As we walked outside, we overheard the man tell the server that he was waiting for the cops who were inside eating hot dogs to leave before he would start. Knowing that might take a while, we decided to walk off the dogs.
Stuffed beyond comprehension and so unreasonably affected by our fullness, we popped into Momofuku Milk Bar and tried a boozey rum spiked Chocolate Covered Pretzel Shake. Sometimes you actually are in heaven. There is “cereal milk” (the crispy, crunchy, mushy milk at the bottom of your cereal) in it! But that wasn’t dessert.

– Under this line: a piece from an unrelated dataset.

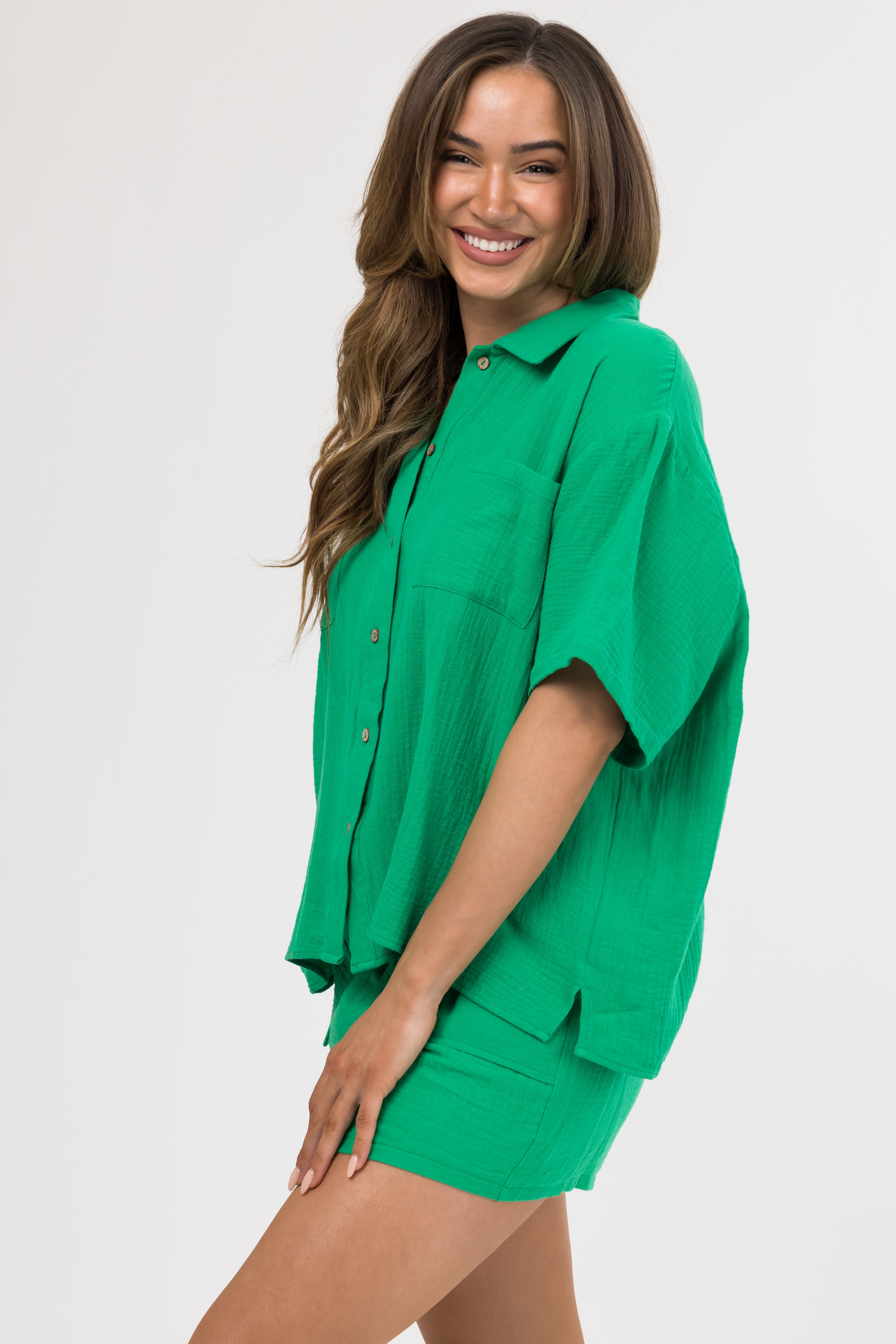 She+Sky Jade Chest Pocket Half Sleeve Shirt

After more delirious shuffling we found ourselves back in front of Crif Dogs and Super Bad Brad was rocking. This guy had funky soul written all over him. And his shirt! And his hair! And his glasses! And his swagger! Super Bad Brad is the original hipster. And the best entertainment on a Friday night in Williamsburg.
While Jon and I were dancing like silly fools in the middle of the sidewalk, I thought to myself, boy singing in front of all these people must be hard. Driggs Ave is a tiny stage for this class act; Super Bad Brad, who has a Wiki page, has performed at the legendary Apollo where he sang Let’s Get It On, and received a standing ovation.